WHAT TO PRODUCE:
I need an exact copy of the lines from the one containing "Gizmo loving life" through the end of the records, without any pictures.

TASK MATERIAL:

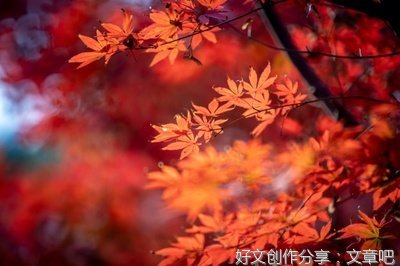道数于然不发繁华经典名句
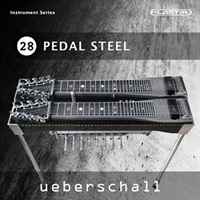 PEDAL STEEL / ELASTIK(オンライン納品)(2時間以内に納品)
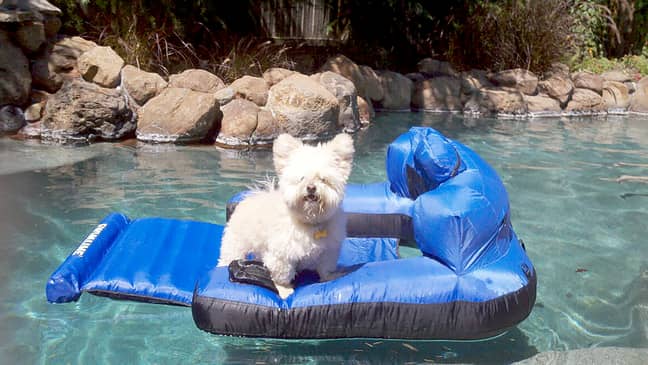 Gizmo loving life on a pool inflatable. Credit: Kennedy News and Media
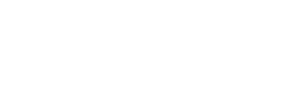 Beruška za volantem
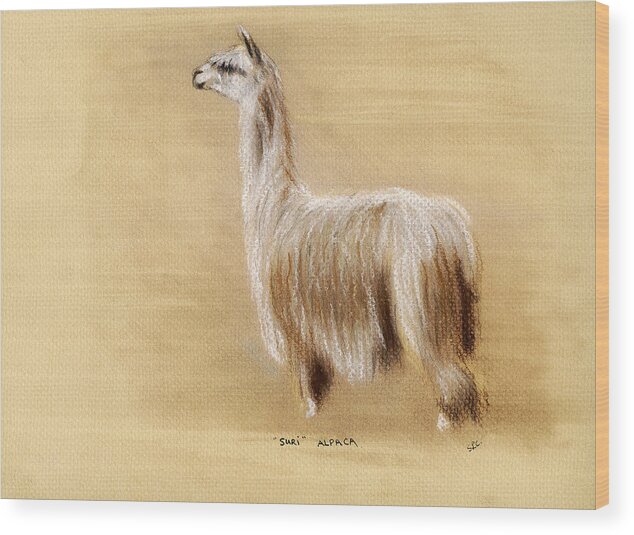 Alpaca Wood Print featuring the pastel Suri Alpaca by Sara Cuthbert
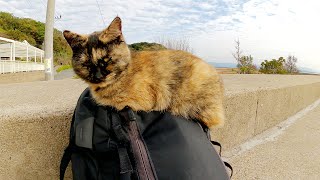 サビ猫「リュックから降りて欲しければ、ひざの上に乗せてくれニャン！」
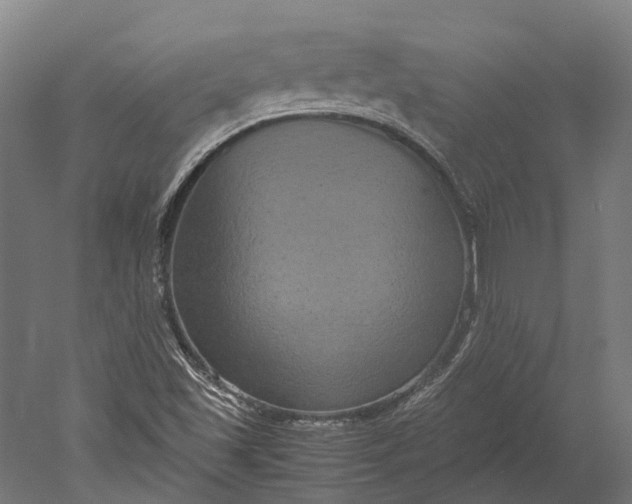 X0000051241501200507011612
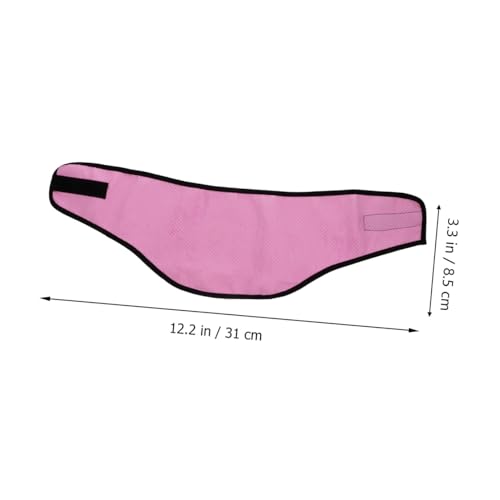 Serviette de refroidissement pour chien pour balades - 3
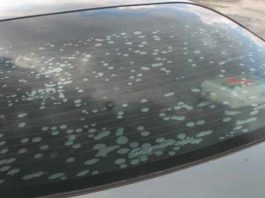 how to remove window tint from cars and house windows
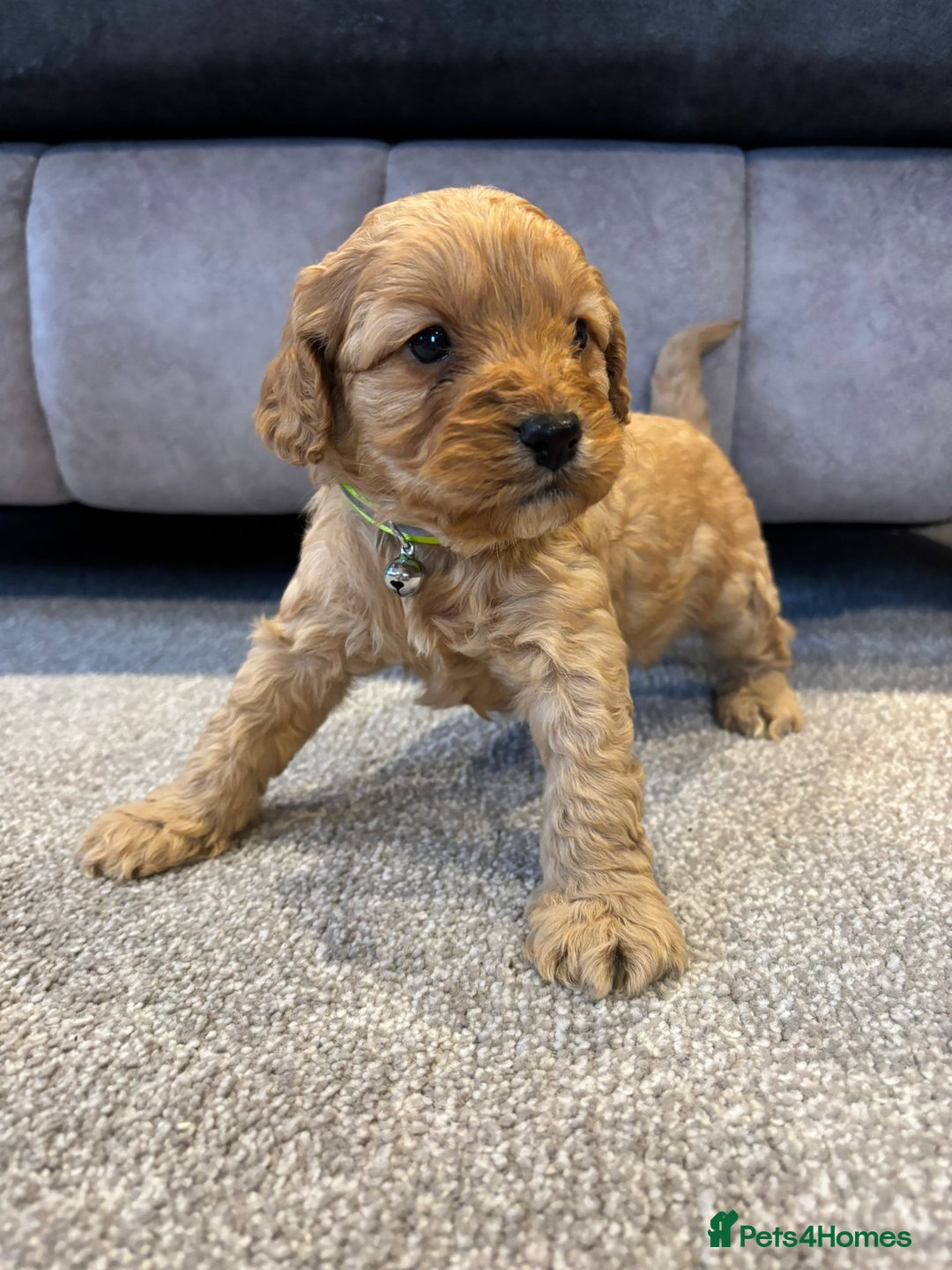 Cockapoo dogs for sale: Six stunning cockapoo puppies - Advert 8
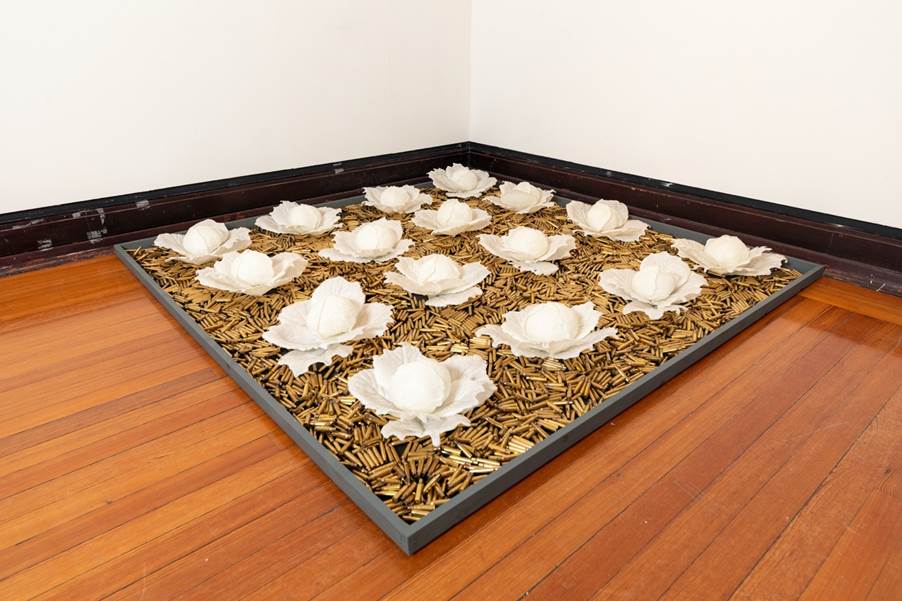 White cabbages on a bed of spent rifle shells, all held within a grey frame.
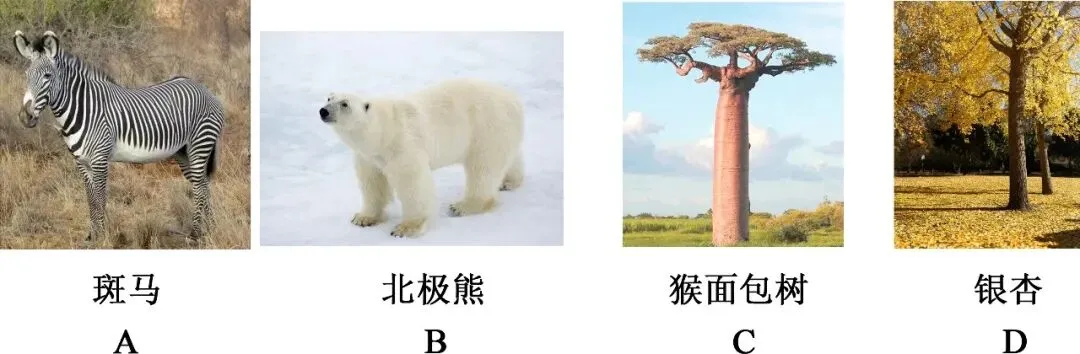 2026年地理中考热点(6)——第12届丝绸之路国际电影节 第9张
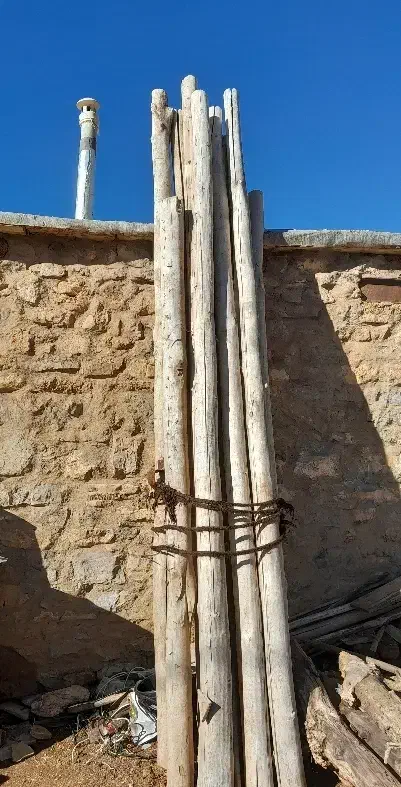 چنار|خدمات باغبانی و درختکاری|مریوان, |دیوار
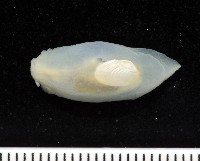 藏品(斑葉海兔)的圖片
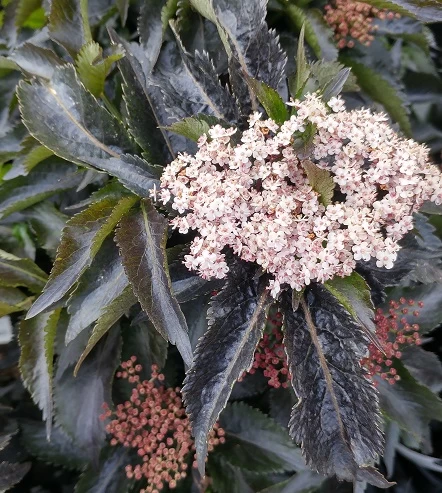 Holunder-Säule Black Tower (R) Sambucus Nigra `Black Tower´ 1 Holunder-Säule Black Tower (R) Sambucus Nigra `Black Tower´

EXPECTED OUTPUT:
 Gizmo loving life on a pool inflatable. Credit: Kennedy News and Media
 Beruška za volantem
 Alpaca Wood Print featuring the pastel Suri Alpaca by Sara Cuthbert
 サビ猫「リュックから降りて欲しければ、ひざの上に乗せてくれニャン！」
 X0000051241501200507011612
 Serviette de refroidissement pour chien pour balades - 3
 how to remove window tint from cars and house windows
 Cockapoo dogs for sale: Six stunning cockapoo puppies - Advert 8
 White cabbages on a bed of spent rifle shells, all held within a grey frame.
 2026年地理中考热点(6)——第12届丝绸之路国际电影节 第9张
 چنار|خدمات باغبانی و درختکاری|مریوان, |دیوار
 藏品(斑葉海兔)的圖片
 Holunder-Säule Black Tower (R) Sambucus Nigra `Black Tower´ 1 Holunder-Säule Black Tower (R) Sambucus Nigra `Black Tower´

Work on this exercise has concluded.